» Work order
Could the lines from the top of the material to the line that contains "アニメ フィギュア ピンク ヘルメット" be retyped exactly, both included and pictures omitted?

» Records provided

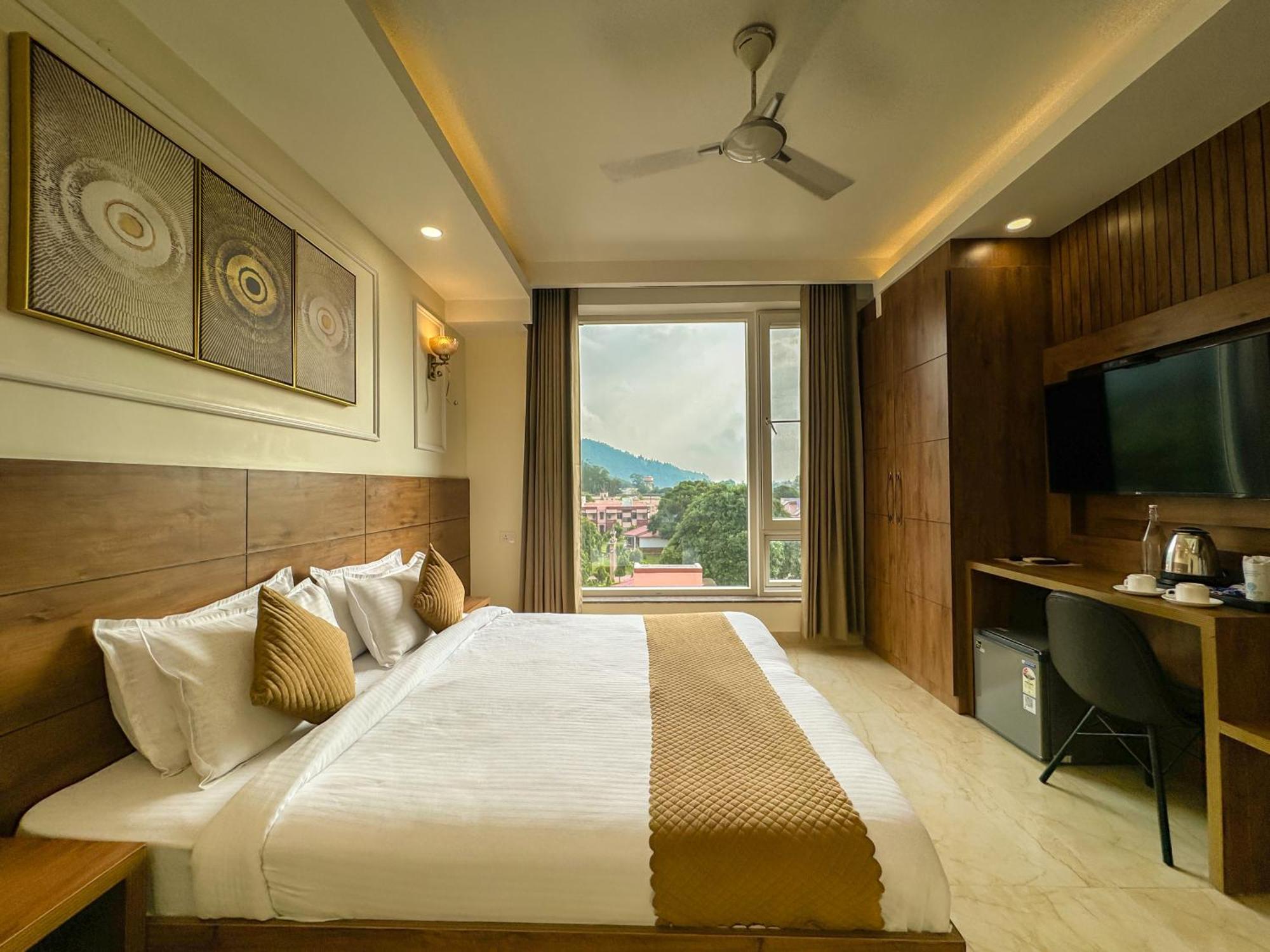 Hotel Nirvana Bliss, Behind Parmarth Niketan Rishīkesh Екстериор снимка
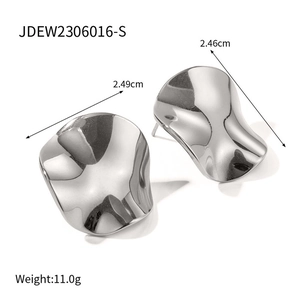 Detailed size chart of silver irregular metal earrings showing 2.49cm height and 11g weight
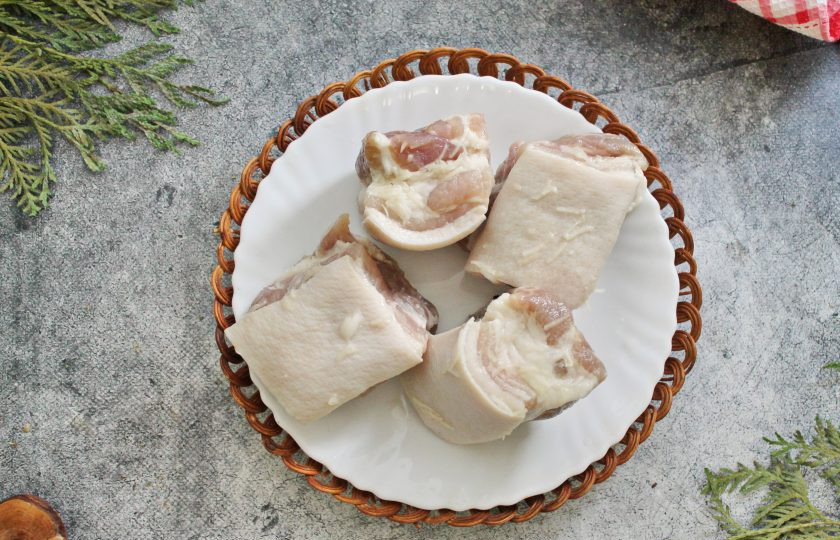 1. Этап. Сало в рассоле: Спустя время сало достаньте из рассола, натрите оставшимся измельченным чесноком и положите в пакет.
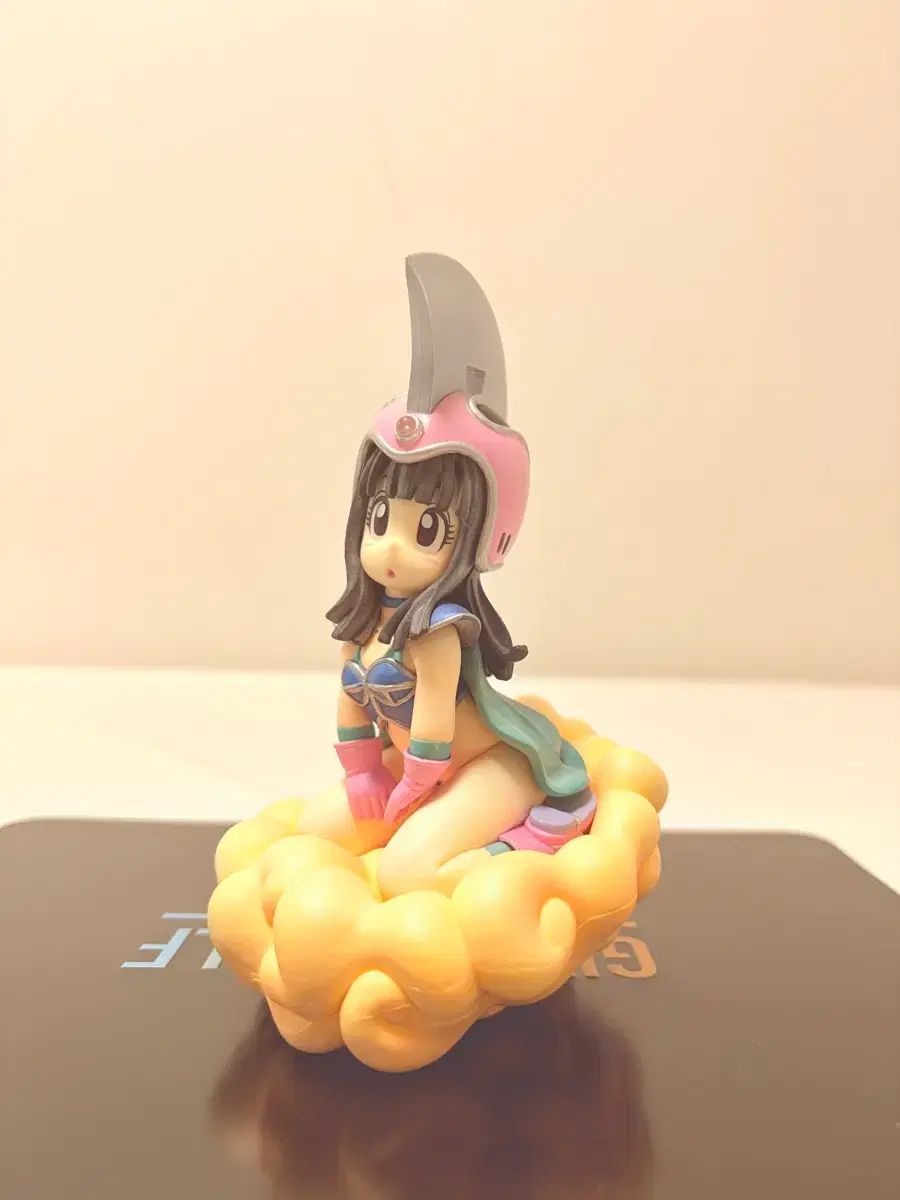 アニメ フィギュア ピンク ヘルメット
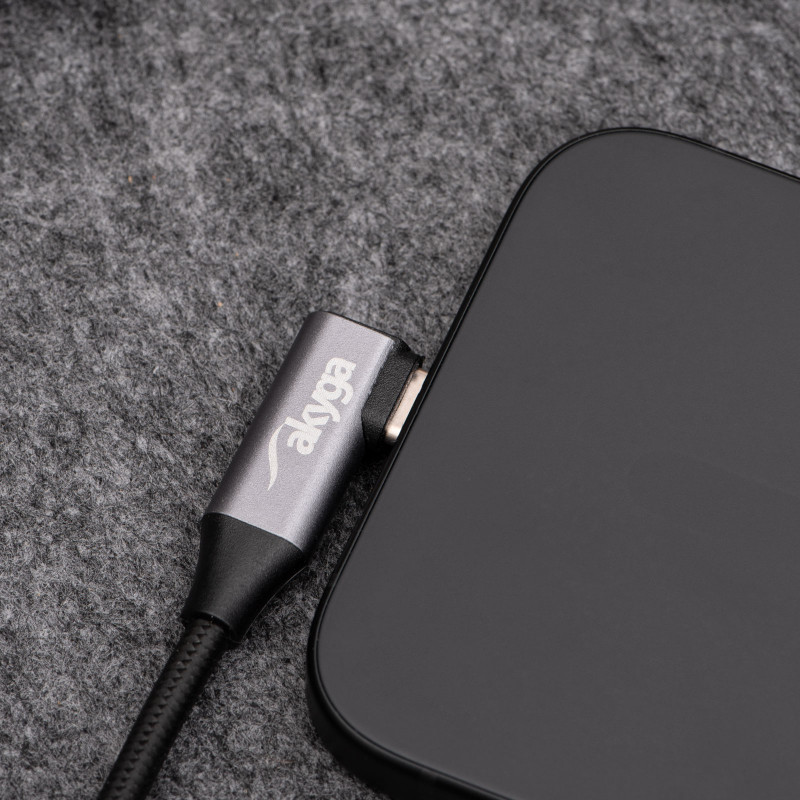 Akyga AK-USB-56 cable USB-C a Lightning trenzado con conector acodado, USB 2.0, 30 W, 1 m, negro
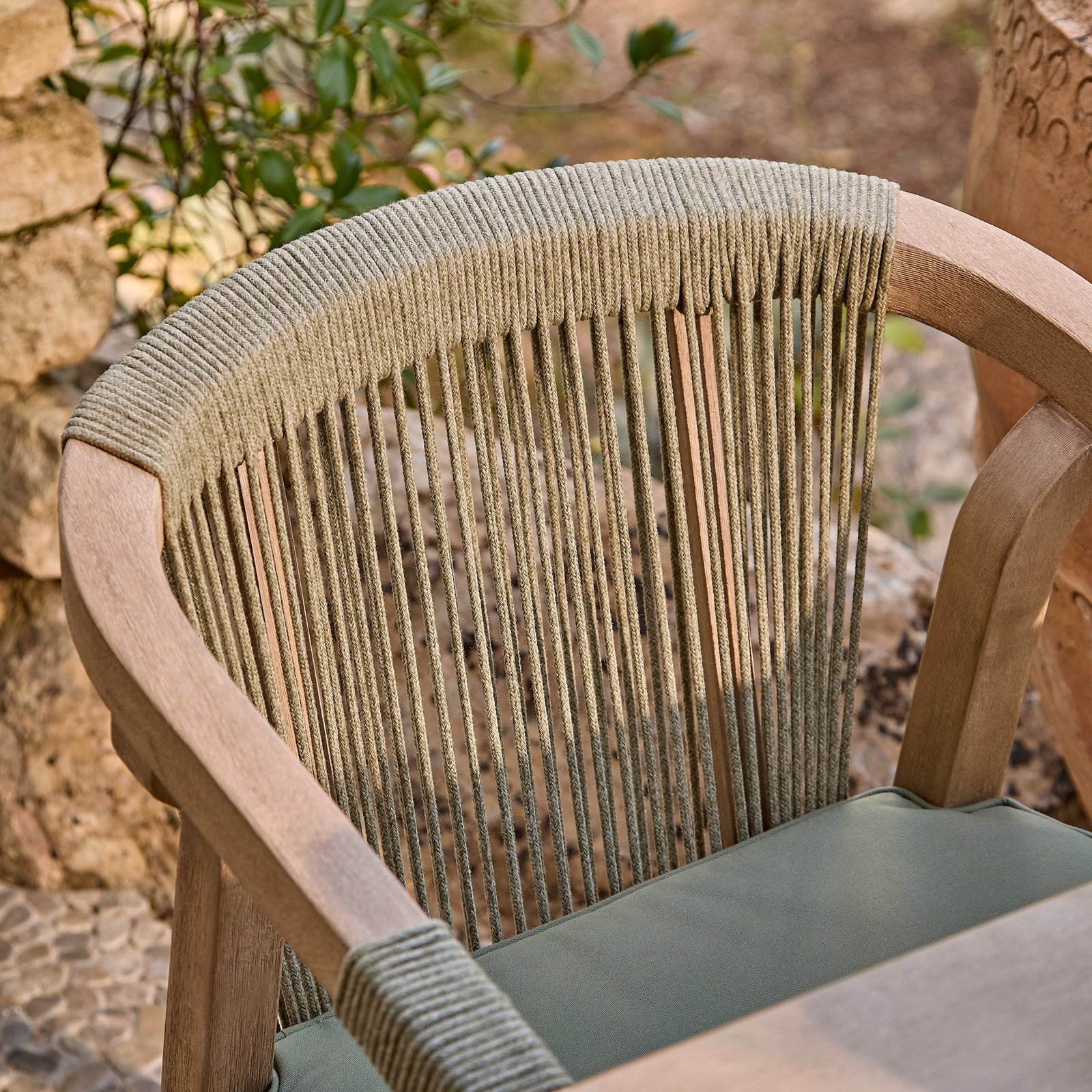 Shiro 6 Seater Wooden Garden Dining Set with Shiro Green Rope Chairs & Bench - 180cm - Image 7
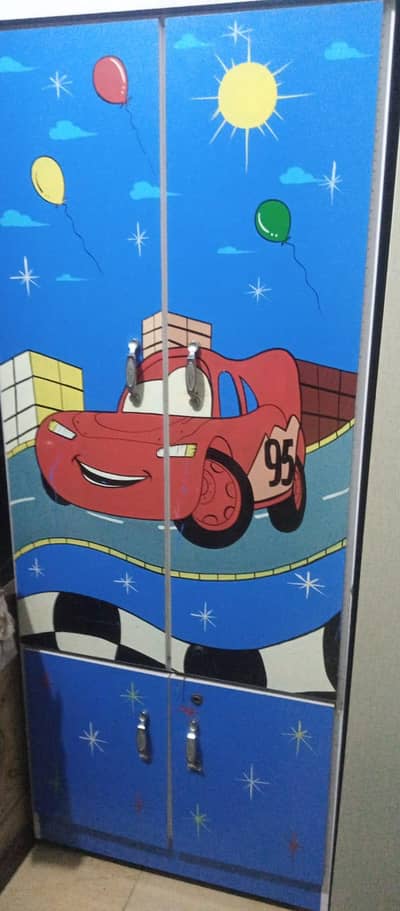 selling my kids bed and wardrobe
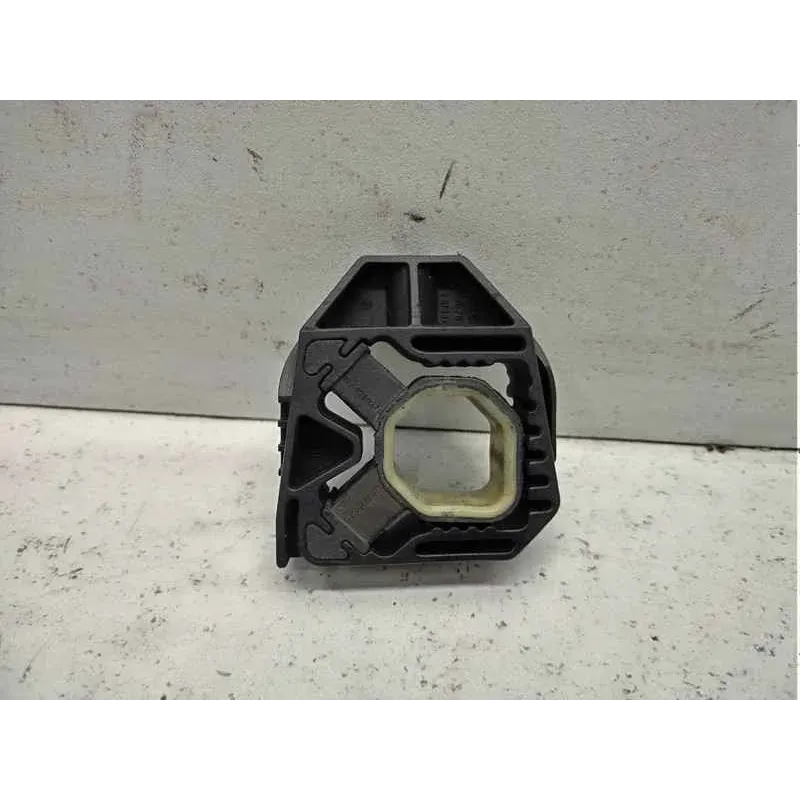 Support radiateur volkswagen golf 5 v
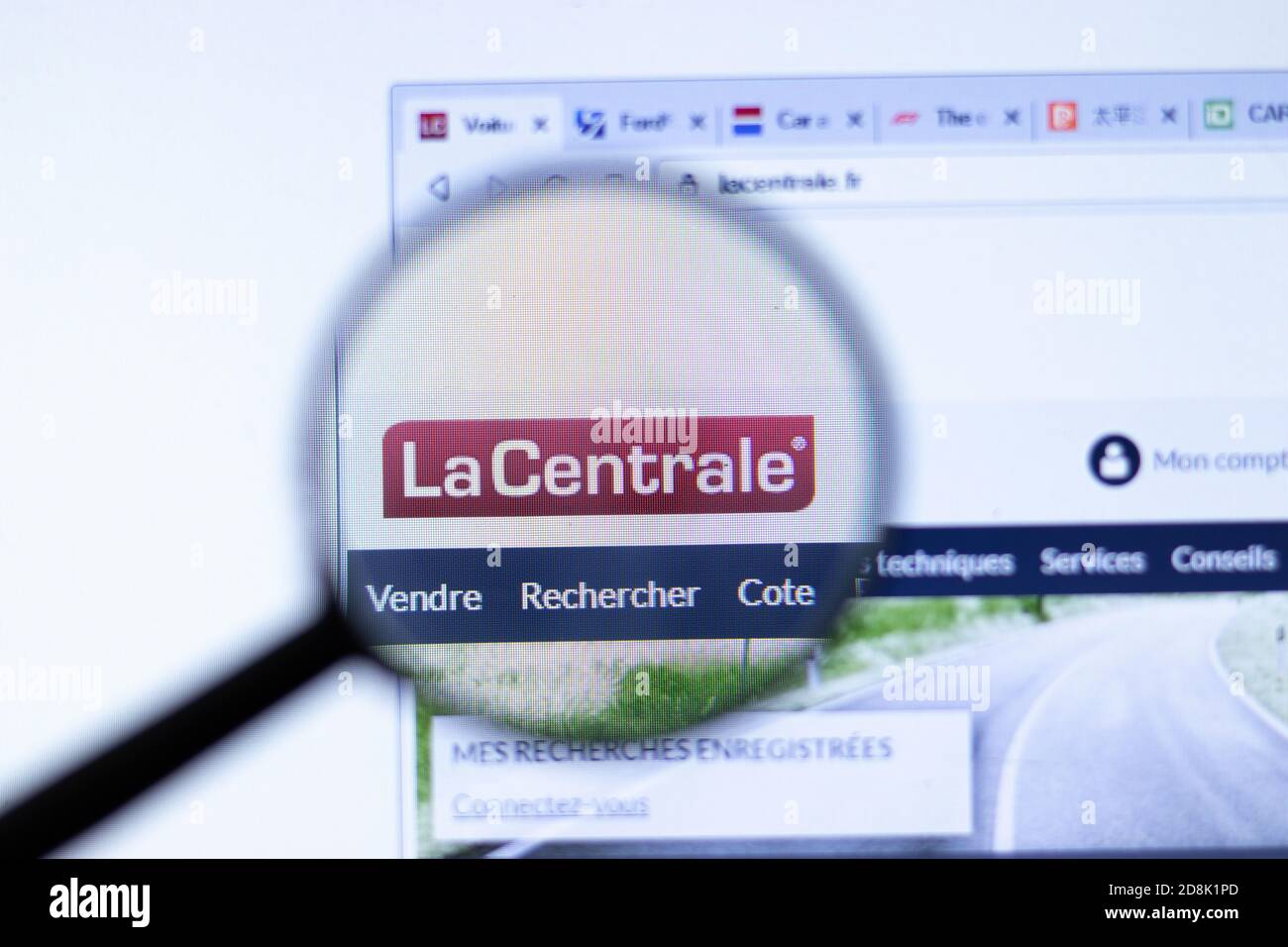 New York, USA - 29 September 2020: La Centrale lacentrale.fr company  website with logo close up, Illustrative Editorial Stock Photo - Alamy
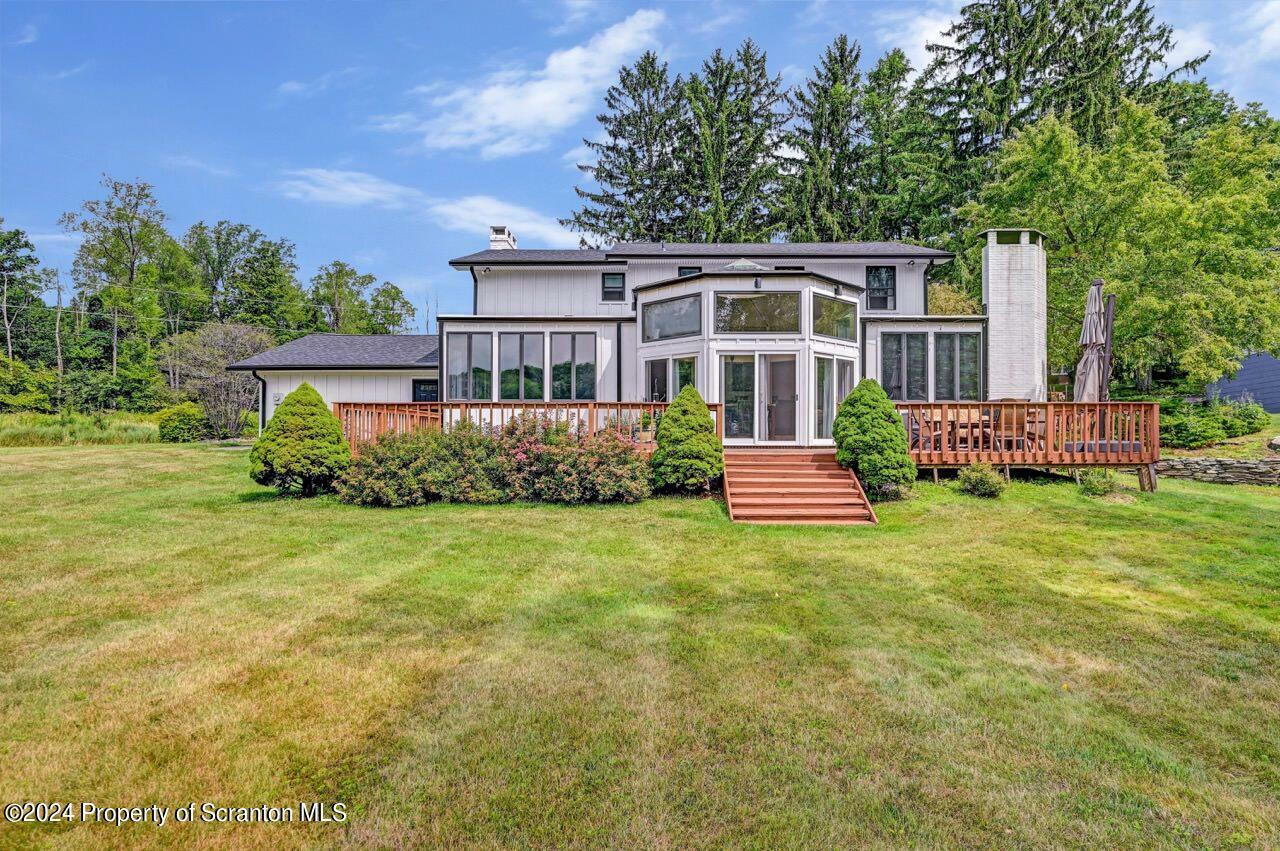 Property Photo:  10 Lakeside Drive  PA 18411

» Answer to this problem
 Hotel Nirvana Bliss, Behind Parmarth Niketan Rishīkesh Екстериор снимка
 Detailed size chart of silver irregular metal earrings showing 2.49cm height and 11g weight
 1. Этап. Сало в рассоле: Спустя время сало достаньте из рассола, натрите оставшимся измельченным чесноком и положите в пакет.
 アニメ フィギュア ピンク ヘルメット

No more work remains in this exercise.